Alla base di questo progressivo impoverimento, c’è indubitabilmente una sostanziale inadeguatezza delle retribuzioni dei lavoratori: alla crescita o alla stabilità dei salari nominali, si contrappone infatti una contrazione del potere d’acquisto reale degli stessi.
Un dato, più di altri, ci fornisce la misura di tale fenomeno: dall’inizio del 2021 a quello del 2025 i prezzi sono aumentati complessivamente di quasi il 18%, mentre le retribuzioni contrattuali dell’8,2%, cioè meno della metà.
L’impatto, inevitabilmente, è stato maggiormente pesante per le famiglie con redditi più bassi, che destinano una quota maggiore degli stessi all’acquisto di beni di prima necessità, che sono quelli che hanno subito gli aumenti di prezzo più consistenti.
Indicativo, in tal senso, il grido d’allarme lanciato dal Codacons, che per il 2025 prevede una maggiore spesa di 559 euro annui per la famiglia “tipo” e di 761 euro annui per un nucleo familiare con due figli, con la corsa al rialzo delle tariffe di luce e gas che più destano preoccupazioni.
All’erosione del potere d’acquisto è conseguita anche, immancabilmente, una maggiore diseguaglianza sociale tra le famiglie ricche e quelle povere.
Non meno rassicurante, la crescita senza sosta dei prezzi delle abitazioni, che nel quarto trimestre del 2024 sono aumentati del 9,4% per le abitazioni nuove e del 3,4% per quelle esistenti, con un incremento in media, nello stesso anno, del 3,2%.
Tali lievitazioni dei prezzi, unitamente alle difficoltà di accendere mutui presso gli istituti di credito, alla crescita dei tassi d’interesse, al rischio di rate di mutuo che potrebbero schizzare con i tassi variabili, hanno determinato un rallentamento dell’interesse all’acquisto delle abitazioni, a favore delle case prese in locazione.
A fronte di dati, come quelli prima esposti, non propriamente rassicuranti, altri dati Istat invece ci rallegrano: nella media del 2024, si registra infatti un aumento del numero di occupati pari a 352 mila unità, con un +1,5% rispetto al 2023, che si associa, nello stesso periodo, alla riduzione del numero di disoccupati rispettivamente di -283 mila unità e -14,6%.
Ne consegue che il tasso di occupazione 15-64 anni sale al 62,2%, con un +0,7% rispetto al 2023, mentre per contro quello di disoccupazione scende al 6,5%, con un -1,1%.
Altro dato positivo è rappresentato, sempre rispetto al 2023, dall’aumento dei lavoratori a tempo indeterminato che, con 508mila occupati in più, raggiungono quota 16 milioni 78mila, con un +3,3%, mentre i dipendenti con contratto a termine diminuiscono di 203mila unità, scendendo a quota 2milioni 769mila, con un -6,8%. Gli indipendenti invece sono 47mila in più e salgono a quota 5milioni 85mila.
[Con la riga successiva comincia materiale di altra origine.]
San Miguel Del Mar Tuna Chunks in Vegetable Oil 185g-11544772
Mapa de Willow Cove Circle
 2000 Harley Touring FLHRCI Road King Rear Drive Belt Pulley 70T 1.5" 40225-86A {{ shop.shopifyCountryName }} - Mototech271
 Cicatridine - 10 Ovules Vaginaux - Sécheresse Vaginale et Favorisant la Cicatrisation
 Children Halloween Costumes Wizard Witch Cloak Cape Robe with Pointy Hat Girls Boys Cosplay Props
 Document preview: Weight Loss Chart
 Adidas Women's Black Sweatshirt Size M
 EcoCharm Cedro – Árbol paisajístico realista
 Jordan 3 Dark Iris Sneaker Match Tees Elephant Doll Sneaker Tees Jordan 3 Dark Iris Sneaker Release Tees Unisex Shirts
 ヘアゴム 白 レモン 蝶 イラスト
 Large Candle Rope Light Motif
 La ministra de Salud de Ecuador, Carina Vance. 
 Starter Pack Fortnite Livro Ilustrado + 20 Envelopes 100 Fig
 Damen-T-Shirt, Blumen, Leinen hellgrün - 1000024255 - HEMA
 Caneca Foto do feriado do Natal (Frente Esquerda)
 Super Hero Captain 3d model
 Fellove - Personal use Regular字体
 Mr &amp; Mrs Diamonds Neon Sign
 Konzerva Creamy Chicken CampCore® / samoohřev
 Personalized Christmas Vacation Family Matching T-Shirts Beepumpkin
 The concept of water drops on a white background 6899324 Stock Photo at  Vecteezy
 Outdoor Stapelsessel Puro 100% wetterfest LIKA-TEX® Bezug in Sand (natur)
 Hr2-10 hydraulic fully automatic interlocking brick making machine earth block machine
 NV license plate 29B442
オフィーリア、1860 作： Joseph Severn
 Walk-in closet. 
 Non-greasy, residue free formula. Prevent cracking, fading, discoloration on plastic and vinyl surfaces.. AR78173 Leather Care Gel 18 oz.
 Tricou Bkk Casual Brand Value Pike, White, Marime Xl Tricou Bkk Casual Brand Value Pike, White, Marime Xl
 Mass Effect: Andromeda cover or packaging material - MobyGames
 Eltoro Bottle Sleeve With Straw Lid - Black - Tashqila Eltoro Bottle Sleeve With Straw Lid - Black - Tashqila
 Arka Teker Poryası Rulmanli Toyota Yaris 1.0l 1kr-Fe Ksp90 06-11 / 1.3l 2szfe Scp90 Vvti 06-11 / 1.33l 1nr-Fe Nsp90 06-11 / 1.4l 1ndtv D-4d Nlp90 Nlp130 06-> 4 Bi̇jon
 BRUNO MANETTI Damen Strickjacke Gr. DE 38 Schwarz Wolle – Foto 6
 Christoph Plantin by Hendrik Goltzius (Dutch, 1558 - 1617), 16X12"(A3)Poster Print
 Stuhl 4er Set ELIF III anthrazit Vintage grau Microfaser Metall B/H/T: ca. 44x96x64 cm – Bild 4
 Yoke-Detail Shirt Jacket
I disoccupati in media annua nel 2024 sono invece 1 milione 664mila, come si diceva 283mila unità in meno rispetto al 2023.
La migliore performance su base mensile si è rilevata a novembre 2024, con il tasso di disoccupazione sceso al 5,7% ossia al livello più basso di sempre dall’inizio delle serie storiche nel 2004.